Pedroni was also involved in the drafting of another of Verra’s most popular methodologies, VM0007. Early on, Swiss auditors SQS raised concerns because Pedroni and his co-authors wanted to consider a forest at risk if a project developer merely declared an intention to cut down trees.
It’s easy to see how this can be gamed, says Ayrey, citing Yacumama, an eco-lodge in Peru where tourists can visit untouched Amazon jungle. The owners claimed that without carbon credits, they would clear-cut the forest. But its remote location makes this nonsensical, as it would be impossible to transport the timber to market, he said.
Verra said that carbon finance had allowed Yacumama’s owners to “implement a more sustainable business model”.
Pedroni told SourceMaterial that Verra’s system “has been abused by some users”, leading to a few projects overestimating their impact.
“Verra remains one of the most serious organisations that is trying to serve a rapidly evolving market in a heavily politicised industry,” he said.
A new empire
Verra regularly updates its methodologies and says it plans to involve national and local governments more closely, as well as accounting for wider trends in deforestation. But credits created with outdated models are still on the market, says Salo of Compensate.
Zwick, the Verra spokesman, said it would be impossible to rescind old credits if the issuers followed the rules at the time, and that Verra hopes the market itself will correct the problem as values fluctuate depending on demand.
“We’ve always had this idea that if something happens and a project is perceived as having been over-credited, that should be a market decision,” he said.
Any changes are still being figured out by Pedroni and other members of Verra’s advisory group. Charlotte Streck, founder of Climate Focus, which developed the VM0007 methodology with Pedroni, is on the stakeholder group for the process.
Despite this, Climate Focus received at least $1 million dollars in licensing fees for VM0007 in recent years, according to Verra’s tax returns.
Streck said that “methodologies can be reinterpreted and exploited” and that in some cases there was a risk of “inflation of credits”. Her company now sends much of its profit from the model “to NGOs or not-for-profit purposes”, she said.
Meanwhile, Verra continues to take 10 cents from project developers for every credit it verifies. The more credits it approves, the more money it makes, giving it little incentive to limit the number of sub-standard offsets on the market.

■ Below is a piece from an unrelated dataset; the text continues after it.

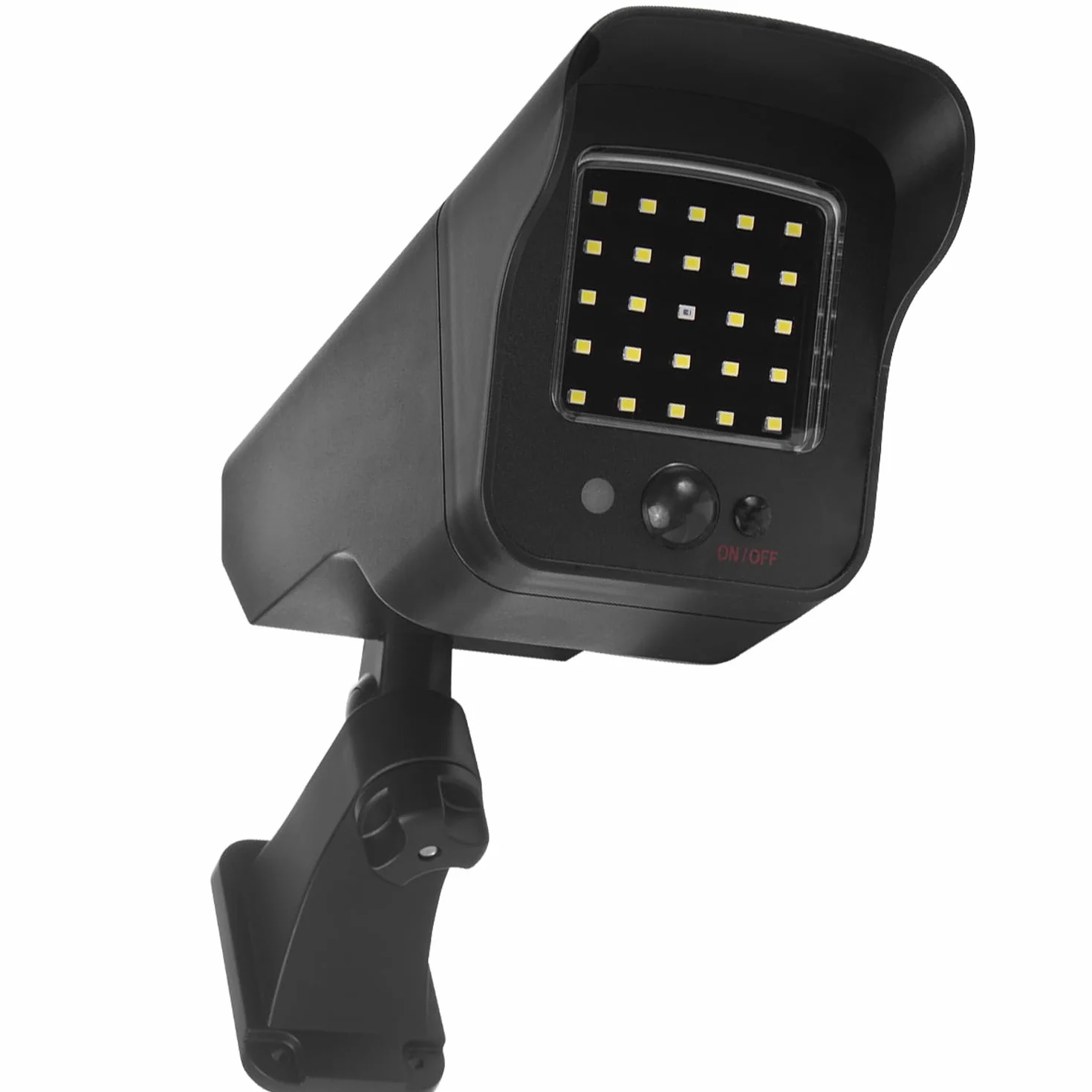 Maclean Atrapa Kamery SOL1803S Solarna Migająca Dioda LED Czujnik Ruchu Oświetlenie LED Naklejka w Zestawie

“There is simply nobody in the market who has a genuine interest to say when something goes wrong,” said Lambert Schneider, a researcher on international climate politics at the Öko-Institut in Berlin.
The problems plaguing the burgeoning offsetting industry aren’t, for the most part, fraud or corruption, more a failure to master the complexities, which is eroding trust, says Ayrey.

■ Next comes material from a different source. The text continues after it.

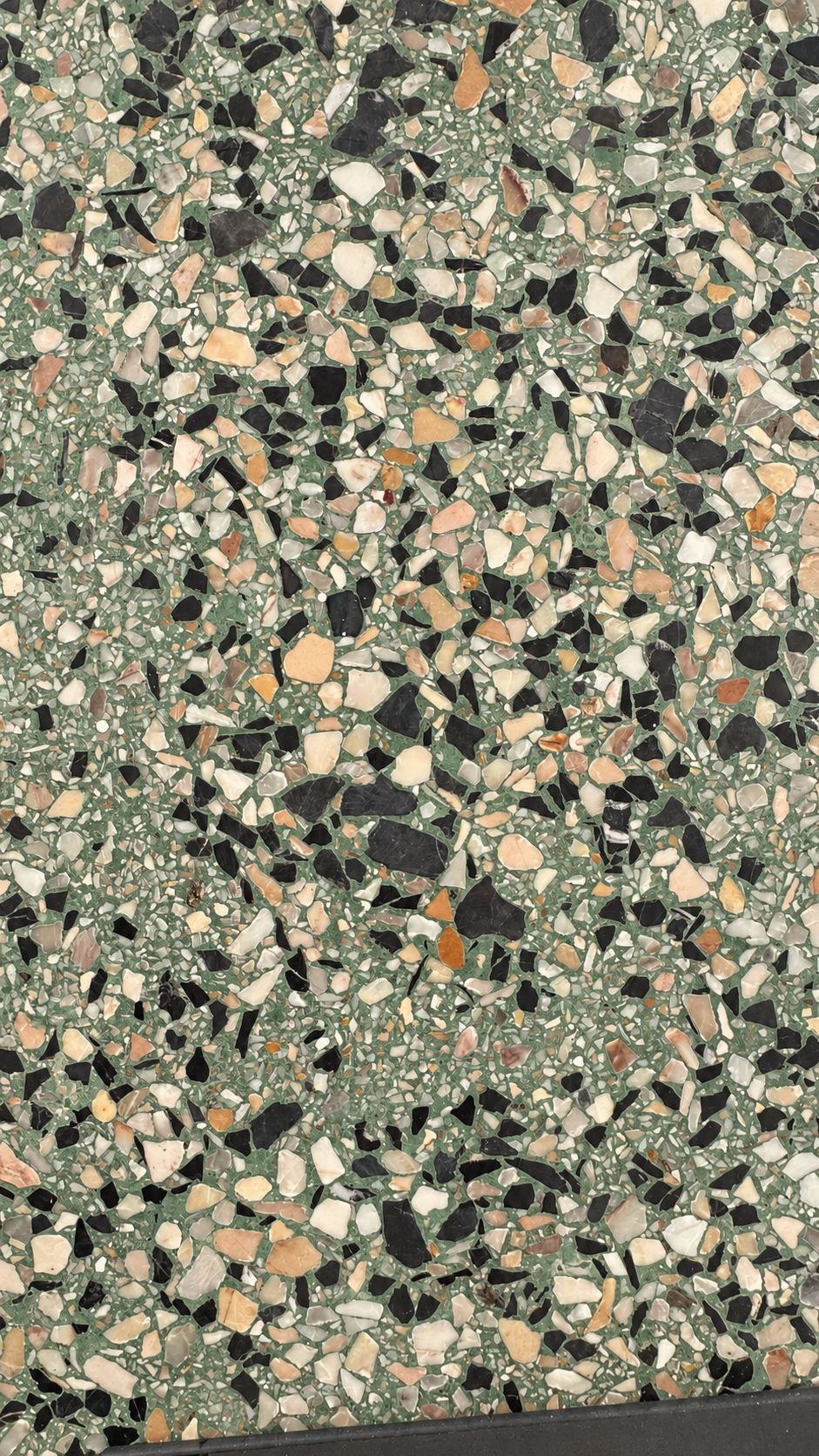 Green terrazzo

“There are very few really bad people out there,” he said.
Verra has good intentions too, he insists: “Most of the people working there are really good people but they don’t have the bigger context of just how detailed and messed-up these protocols are.”

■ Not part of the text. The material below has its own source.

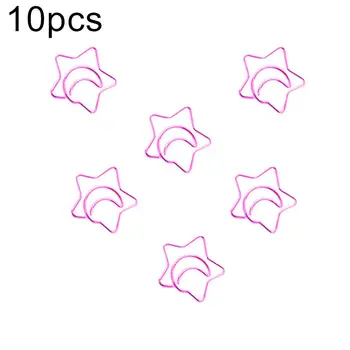 

10Pcs Cactus Star Moon Shape Durable Bookmark Paper Clip Pin Office School Stationery Supply Random Color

Verra is becoming increasingly important. In 2021 a court in the Netherlands ordered a buyer of Verra-backed credits, Shell, to reduce its emissions. The oil major aims to get its annual carbon credit purchases up to 120 million by 2030 and is using its offsetting plans as part of an appeal against the decision.
In Colombia and Singapore, Verra’s credits are integral to climate legislation that allows companies to buy them instead of paying carbon taxes. If other nations follow, Verra will be on its way to an “empire”, says Zurich University’s Michaelowa.
With Verra both setting the rules for credits and getting paid through sales, some experts fear that a basic conflict of interest is turning a weapon against deforestation into an empty PR exercise for polluters.
“Companies and citizens need to be able to support projects they can trust,” said Thomas Crowther, professor of ecology at the university in Zurich. “We need to urgently create a system where this is a reality.”